CSU students can get a taste for the sport and decide if they would like to get involved when the club will host the CSU Intramural Wrestling Tournament Saturday at 10 a.m. at the Glenn Morris Field House. The tournament is open not just to students, but to almost all CSU Rec Center members. The deadline for registration is Wednesday.

Soon after the IM tournament though, training sessions will go up a notch in both frequency and intensity.

“We crank it up when we get into the season,” DeJonge said. “Right now, it’s pretty chill the first couple of practices. … But once everyone is back in good shape, we try to take it up.”

The season officially begins Nov. 6-7 with a tournament at Wayne State College in Wayne, Nebraska. The team hosts its first home meet, the CSU Open, Nov. 14 in Fort Collins.

CSU competes in the Great Plains Conference of the National Club Wrestling Association. The NCWA Great Plains Conference National Qualifiers take place Feb. 27 and will take place in Fort Collins.

While conditioning is essential, DeJonge said he and assistant coach Barry Bernstein really try to put the emphasis on technique. If competitors really want to push themselves, they can keep working on their strength and conditioning on their own time.

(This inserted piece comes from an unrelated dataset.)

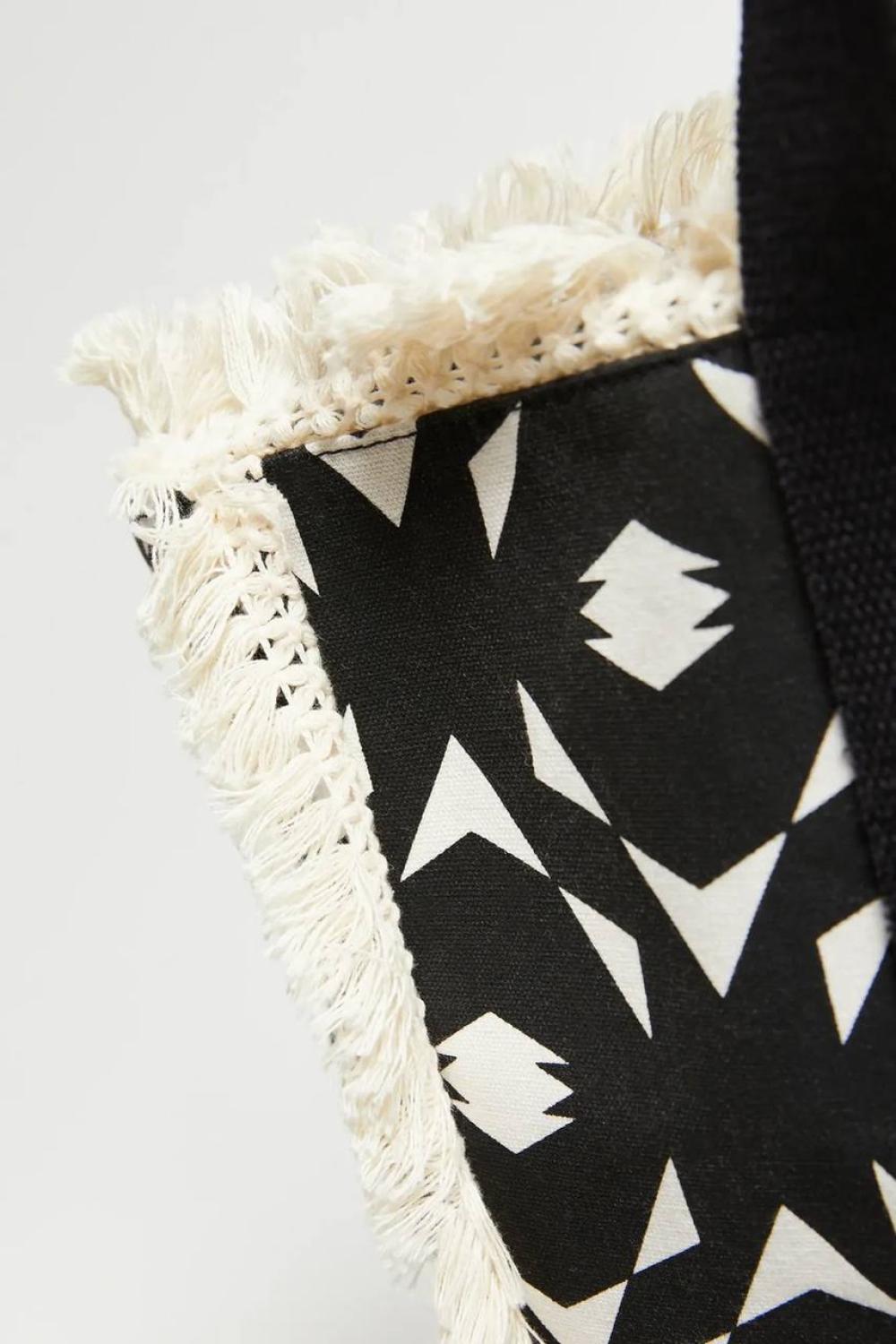 Black and white beach bag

After DeJonge calls practice, he invites some of the more experienced wrestlers to go for a run over the weekend. It’s a club, so there is no actual obligation. But the coaches do aim to foster an atmosphere that will make wrestlers comfortable going to them for advice off the mat as well.

“About once a month, some of us will go over to (Coach Bernstein’s) house for dinner,” junior Mike Brungardt said. “Barry and his wife are great cooks, so they’ll make us dinner and we’ll watch a Big 10 wrestling match together.”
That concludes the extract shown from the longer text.